The task: Restate the listing below word for word. No picture belongs in the result.
=== Begin Enclosure ===
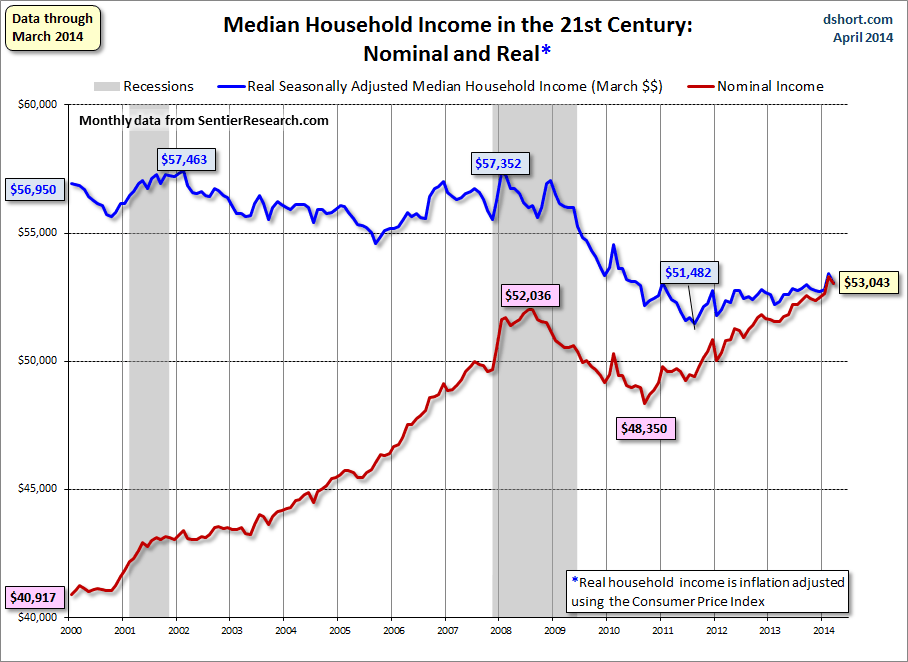 household-income-monthly-median-since-2000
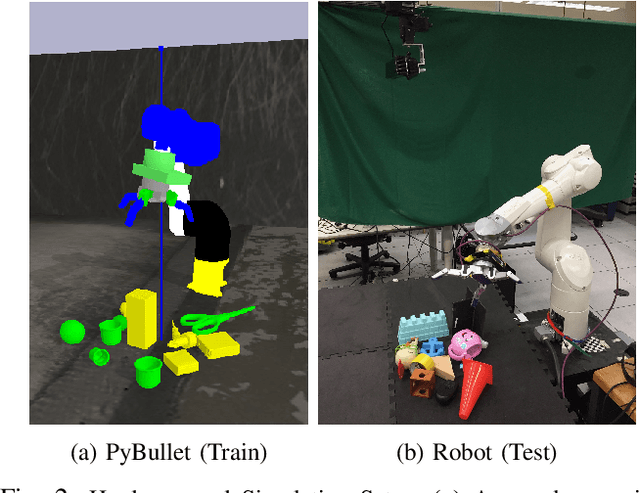 Figure 2 for Pixel-Attentive Policy Gradient for Multi-Fingered Grasping in Cluttered Scenes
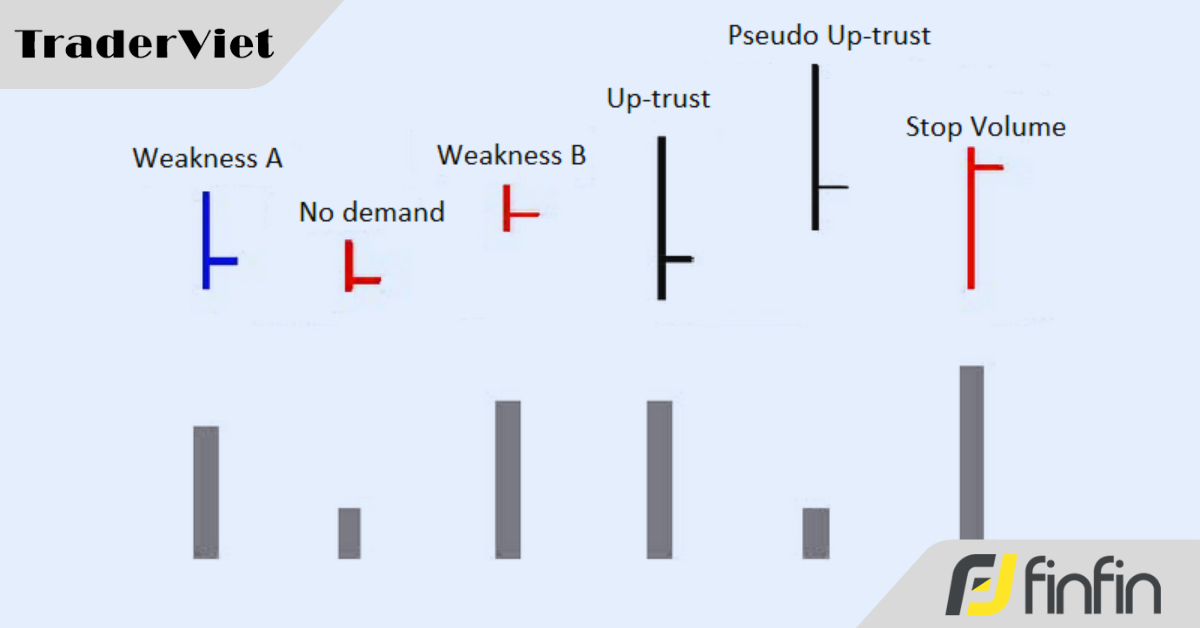 Tìm kiếm tín hiệu mua bán nhờ vào VSA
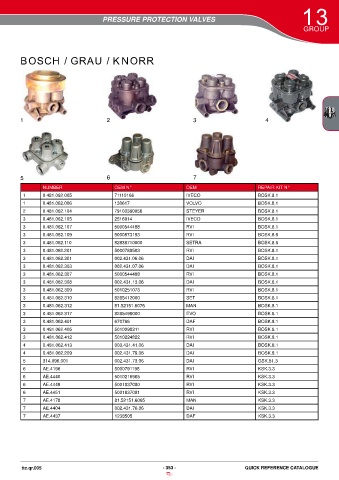 Catalogs auto parts for car and truck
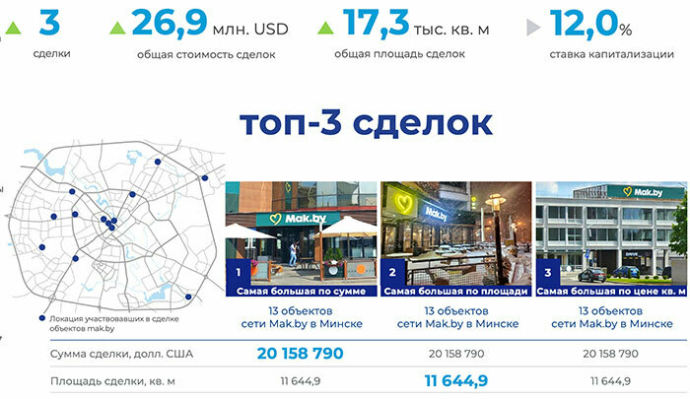  итоги II квартала 2024 года на рынке торговой недвижимости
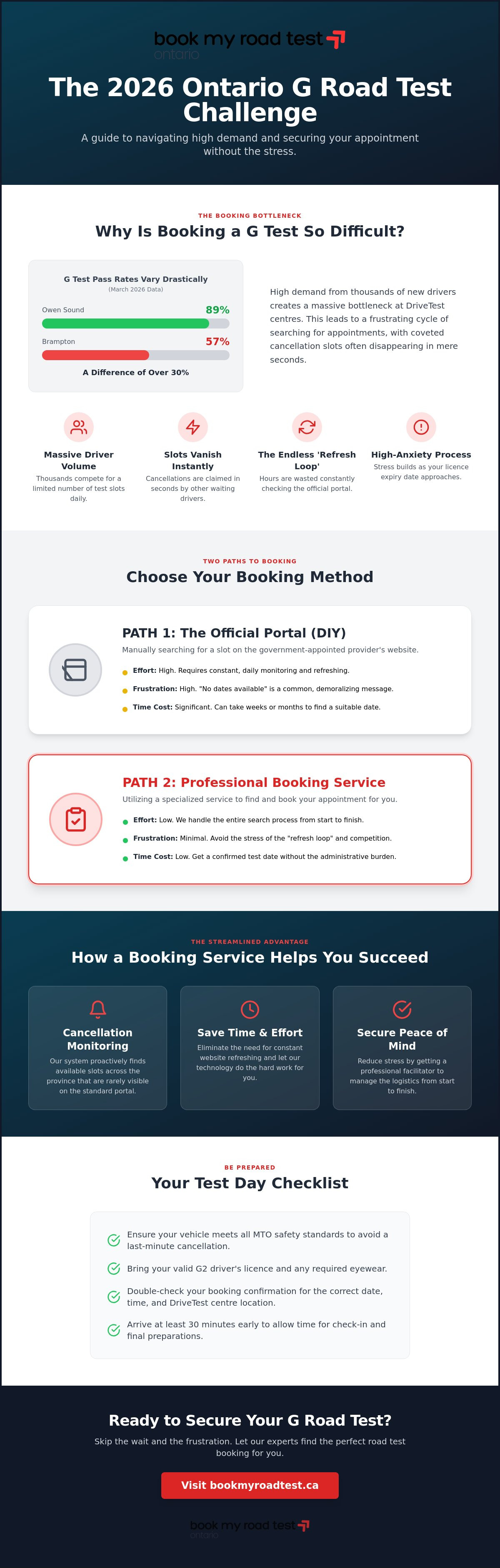 G road test booking ontario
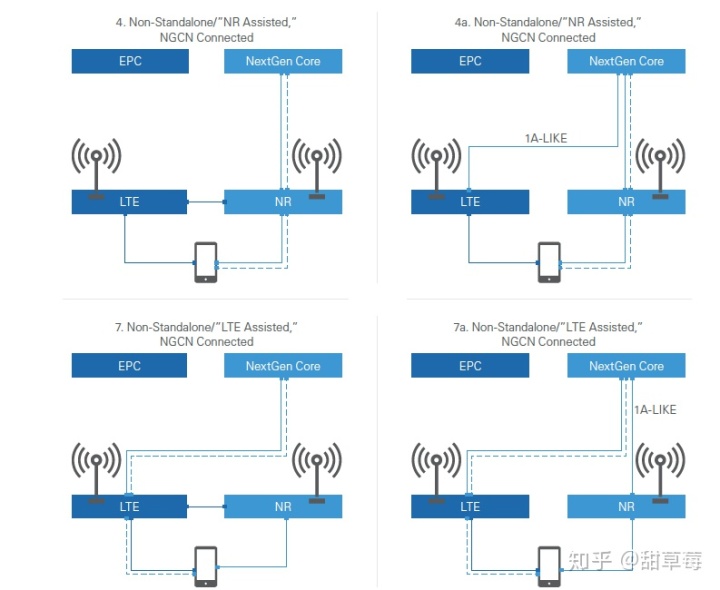 5G 传输架构 5g传输系统_4G_22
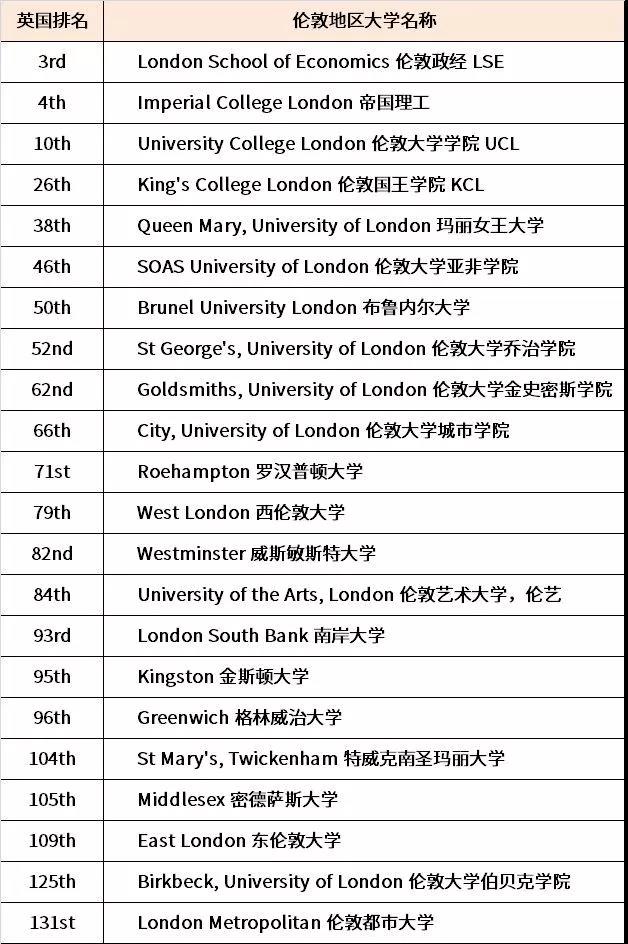 CUG《英国完全大学指南》评选出的英国排名，来看看哪些学校位于伦敦地区。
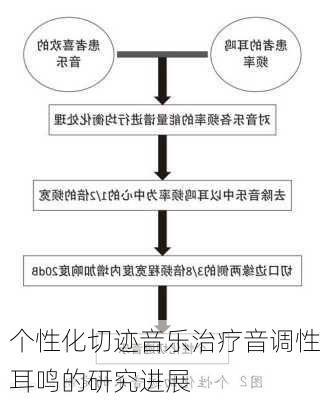 个性化切迹音乐治疗音调性耳鸣的研究进展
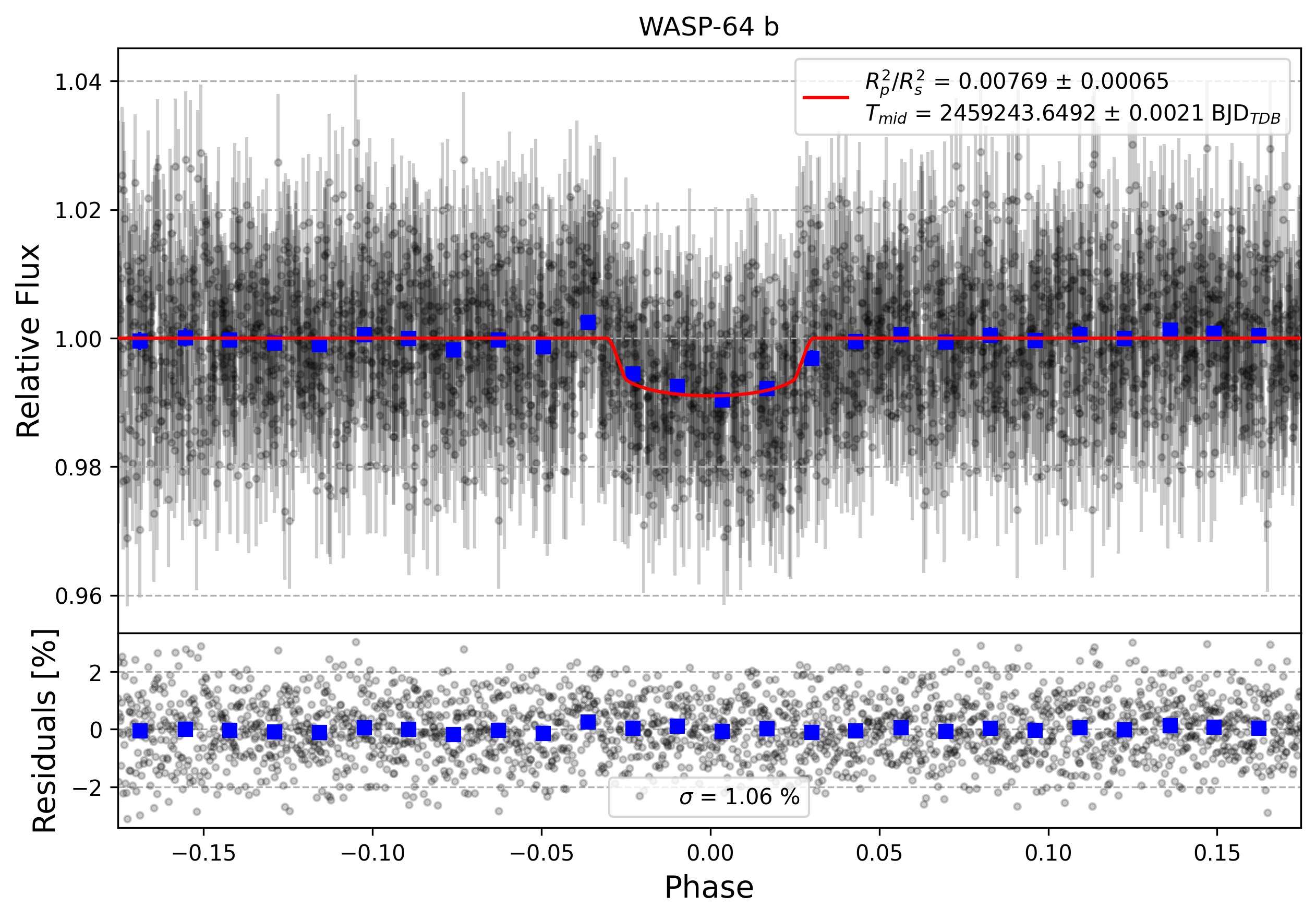 Light curve chart for 5fd215b1965e2d8406f8d38210669d29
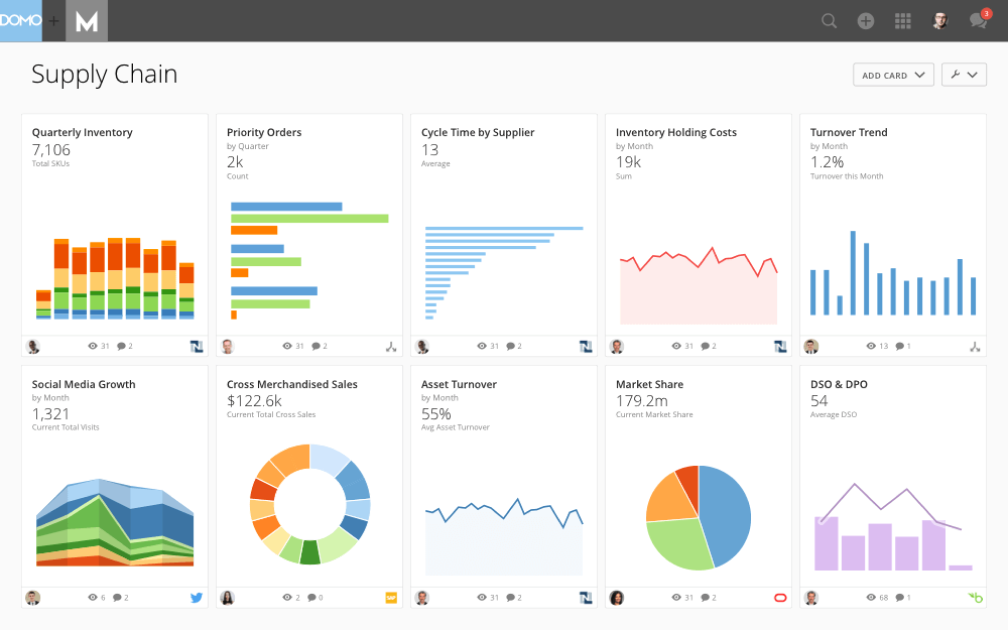Domo screenshot - 10 beste BI-tools voor betere beslissingen in 2026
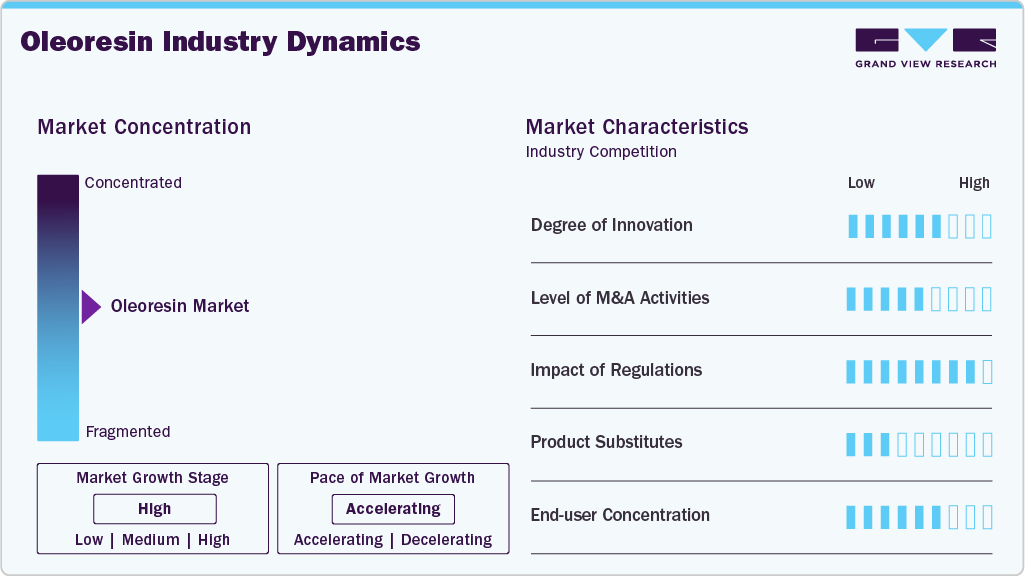 Oleoresin Industry Dynamics Oleoresin Industry Dynamics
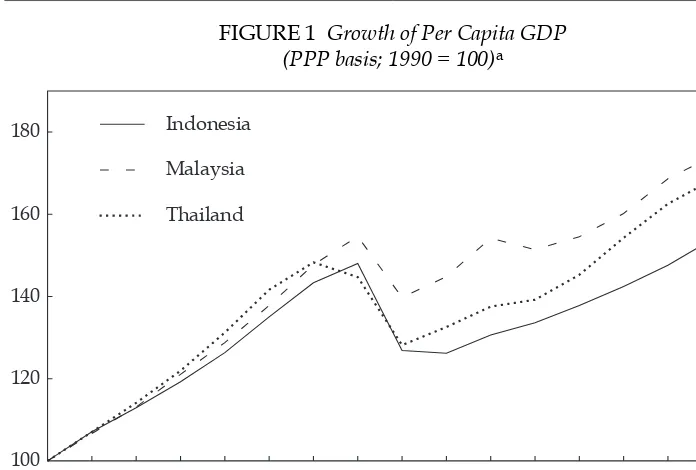 FIGURE 1 Growth of Per Capita GDP(PPP basis; 1990 = 100)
=== End Enclosure ===
Finished task:
 household-income-monthly-median-since-2000
 Figure 2 for Pixel-Attentive Policy Gradient for Multi-Fingered Grasping in Cluttered Scenes
 Tìm kiếm tín hiệu mua bán nhờ vào VSA
 Catalogs auto parts for car and truck
  итоги II квартала 2024 года на рынке торговой недвижимости
 G road test booking ontario
 5G 传输架构 5g传输系统_4G_22
 CUG《英国完全大学指南》评选出的英国排名，来看看哪些学校位于伦敦地区。
 个性化切迹音乐治疗音调性耳鸣的研究进展
 Light curve chart for 5fd215b1965e2d8406f8d38210669d29
Domo screenshot - 10 beste BI-tools voor betere beslissingen in 2026
 Oleoresin Industry Dynamics Oleoresin Industry Dynamics
 FIGURE 1 Growth of Per Capita GDP(PPP basis; 1990 = 100)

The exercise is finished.